There will come a day in some of your lives, I hope, when you believe in yourself and others don’t. At least not to the same extent. I say this not because I wish for you the second bit — to be sure, I wish you all the belief — but rather because it means that you will, some day (if not already), believe in yourself. And that’s a most beautiful thing. But it will also hurt; that’s what I’m here to tell you about.
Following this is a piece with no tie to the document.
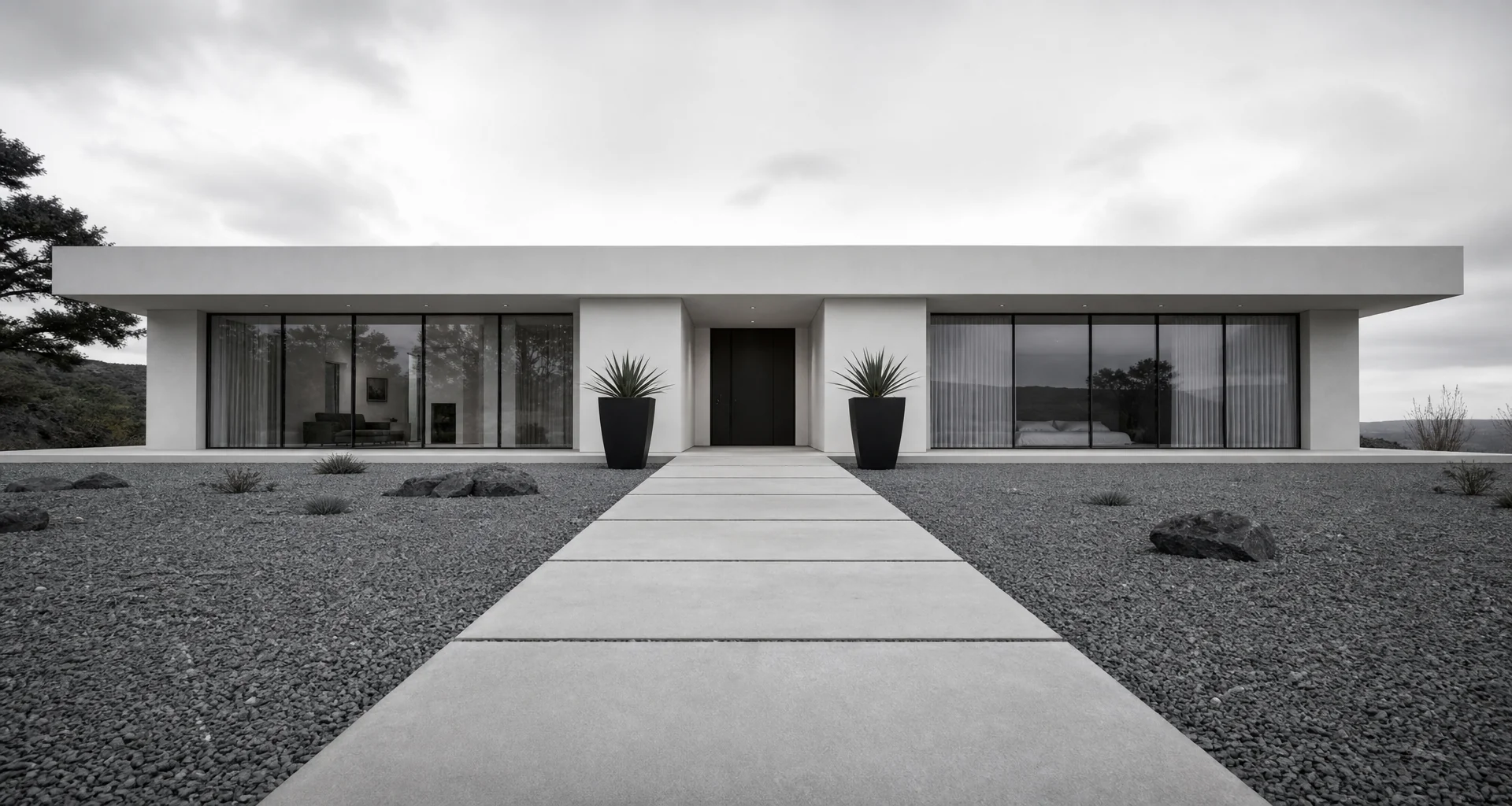 Residência contemporânea de luxo com arquitetura minimalista e piscina em Portugal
First I should define what I mean by self-belief. When I refer to self-belief, I’m referring to the actual phenomenon of genuinely — as in earnestly, hand-to-heart — believing something about yourself. As in the same way you might believe your name to be Christina, say. That level of conviction. Now, to be sure, you might even be open to the idea that your name is not in fact Christina at all — that you’ve been living a lie up until this point — but ultimately, should it come down to it, you’d be willing to bet your life it is. You’re pretty fucking sure your name’s Christina.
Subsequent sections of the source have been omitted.